Effectivement, en France on catégorise tout. Pour moi, cela reste de la création et de l'interprétation. Quand je regarde les blockbusters américains ou le Saturday Night Live, on voit les acteurs qui chantent et dansent parfaitement. Et c'est brillant! C'est ce que j'ai envie de faire. Je trouve que c'est super de porter des textes en proposant aussi une interprétation avec mon corps. Ça densifie le propos.
Vous réalisez vos clips également ?
Je les écris, je travaille la photographie et les storyboards, mais je préfère me faire diriger, pour pouvoir juste interpréter. Je n'ai pas la volonté de vouloir faire tout toute seule. Déjà parce que c'est trop dur et puis j'aime ce que les autres m'apportent.Il y a clips réalisés pour l'album que j'ai coréalisé avec des personnes différentes.
Finalement, ne seriez-vous pas votre propre œuvre, que vous explorez à travers tous ces médiums?
Je ne sais pas si je le pense comme ça, mais j'aime que ce soit une arborescence, un puzzle. Par exemple certains morceaux de l'album proviennent d'une de mes pièces et je les ai retravaillées pour être un peu plus pop. Un des clips reprend des vidéos d'une des pièces que j'ai faite… Mais oui, j'aime que l'on retrouve plusieurs de mes créations dans des formats différents et à des occasions différentes.
Vous avez pu réaliser des performances au Palais de Tokyo, l'art contemporain vous a-t-il ouvert des portes?
J'ai pu jouer certaines de mes pièces via les circuits de l'art contemporain qui étaient plus accessibles que ceux du théâtre par exemple. Je suis très contente que l'art contemporain m'ait aidée et offert une visibilité, et j'aime garder un pied dedans pour les inspirations, les références et la liberté que cela m'apporte, mais j'aspire à toucher des publics plus larges. Et ce qui est intéressant avec la musique c'est que c'est un média pop qui touche beaucoup de monde.
Hystérie par Regina Demina
Disponible sur les plateformes de téléchargement.
Numéro : Votre premier album s’appelle Hystérie, pourquoi avoir choisi ce nom ?
Regina Demina : Cet album a été produit dans un moment hystérique de ma vie. Évidemment, nous ne sommes plus à l’époque de Charcot, néanmoins il y avait cette émotion très forte liée à l’amour et au désir qui vient des viscères, du ventre.
C’est un mot très fort, trop souvent associé à une folie typiquement féminine.
Complètement. Reprendre ce mot c’est un processus d’empowerment, comme celui qui consiste à se réapproprier des insultes.
Votre façon de chanter des choses très crues et dures avec une voix et des mélodies très douces évoque les univers de Mylène Farmer ou Serge Gainsbourg… qu’est-ce qui vous intéresse musicalement dans ces contrastes ?
Les deux personnes que vous citez sont effectivement des références pour moi, donc il doit y avoir une forme d’imprégnation.
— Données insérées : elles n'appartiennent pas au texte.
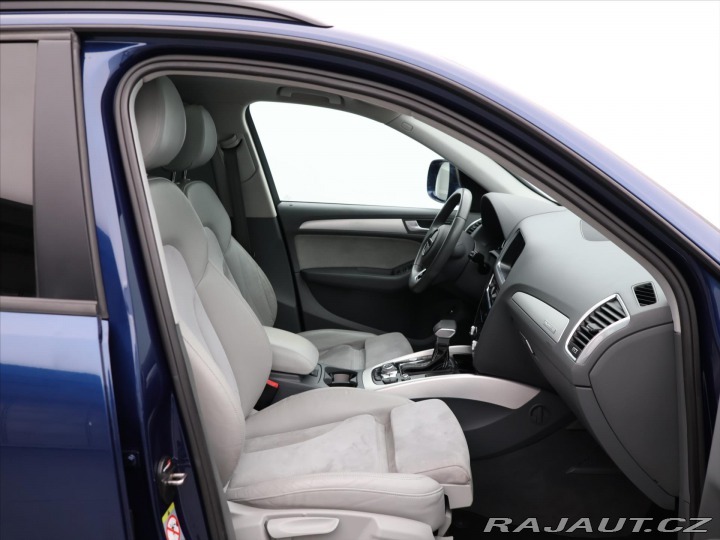 Audi Q5 3,0 TDI 180kW Aut Quattro 2013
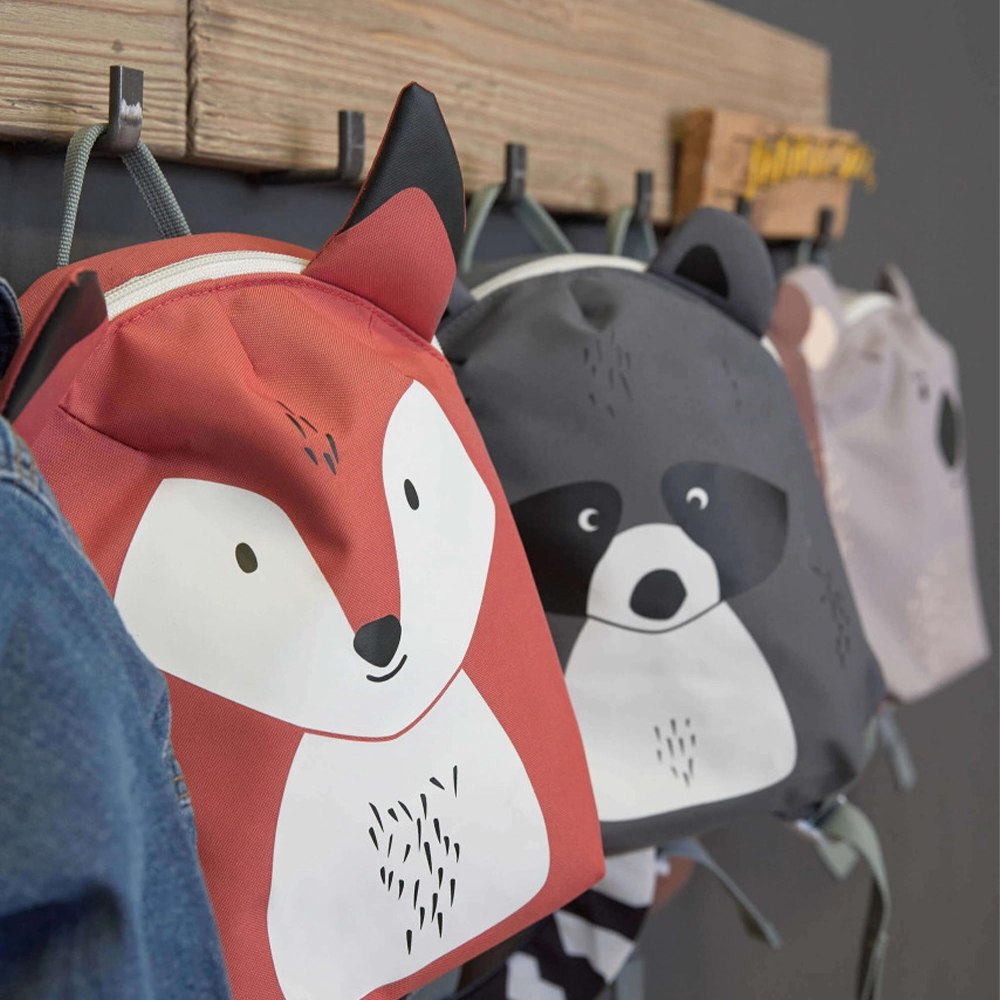 lassig-mal-ranec-about-friends-fox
Et ça me séduit de travailler en contrepoint. J’aime la douceur, mais ce qui m’émeut catarthiquement ce sont des choses dures ou tristes. Je n’ai pas envie d’être dans le pathos, je trouve que c’est manichéen et pas très intéressant. La musique c’est de l’entertainment et un support pour que d’autres personnes puissent se projeter. Moi personnellement, je veux écouter des choses tristes mais formulées ou portées d’une manière qui est agréable à entendre.
Dans votre album vous parlez souvent d’un monde en feu, apocalyptique, en particulier sur les titres Fantasia ou Pyromane, d’où provient ce désir de voir tout brûler?
Lors de la sortie de mon premier EP, beaucoup de gens ont écrit que j’étais énervée parce que je m’étais fait tromper alors que j’étais dans une histoire très violente avec quelqu’un qui avait du pouvoir en raison de son origine sociale. Il ressemble à une caillera minable, mais en fait il est très riche. Et à ce moment-là j’avais envie que tout brûle et moi avec.